Repeat the records. Leave nothing out.

Records contained in a dataset =>
═══

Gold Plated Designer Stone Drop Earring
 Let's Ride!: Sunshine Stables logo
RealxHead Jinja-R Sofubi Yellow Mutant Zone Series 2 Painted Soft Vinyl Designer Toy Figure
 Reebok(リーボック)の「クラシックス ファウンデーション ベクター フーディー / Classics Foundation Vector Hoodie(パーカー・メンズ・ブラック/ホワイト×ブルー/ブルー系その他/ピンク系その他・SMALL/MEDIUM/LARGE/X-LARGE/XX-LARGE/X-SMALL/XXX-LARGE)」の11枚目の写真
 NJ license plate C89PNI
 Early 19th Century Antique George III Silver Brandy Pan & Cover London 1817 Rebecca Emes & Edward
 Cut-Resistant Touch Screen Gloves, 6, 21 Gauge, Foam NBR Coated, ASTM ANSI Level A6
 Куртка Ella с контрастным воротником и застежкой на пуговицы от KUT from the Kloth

═══

Answer to this task =>
Gold Plated Designer Stone Drop Earring
 Let's Ride!: Sunshine Stables logo
RealxHead Jinja-R Sofubi Yellow Mutant Zone Series 2 Painted Soft Vinyl Designer Toy Figure
 Reebok(リーボック)の「クラシックス ファウンデーション ベクター フーディー / Classics Foundation Vector Hoodie(パーカー・メンズ・ブラック/ホワイト×ブルー/ブルー系その他/ピンク系その他・SMALL/MEDIUM/LARGE/X-LARGE/XX-LARGE/X-SMALL/XXX-LARGE)」の11枚目の写真
 NJ license plate C89PNI
 Early 19th Century Antique George III Silver Brandy Pan & Cover London 1817 Rebecca Emes & Edward
 Cut-Resistant Touch Screen Gloves, 6, 21 Gauge, Foam NBR Coated, ASTM ANSI Level A6
 Куртка Ella с контрастным воротником и застежкой на пуговицы от KUT from the Kloth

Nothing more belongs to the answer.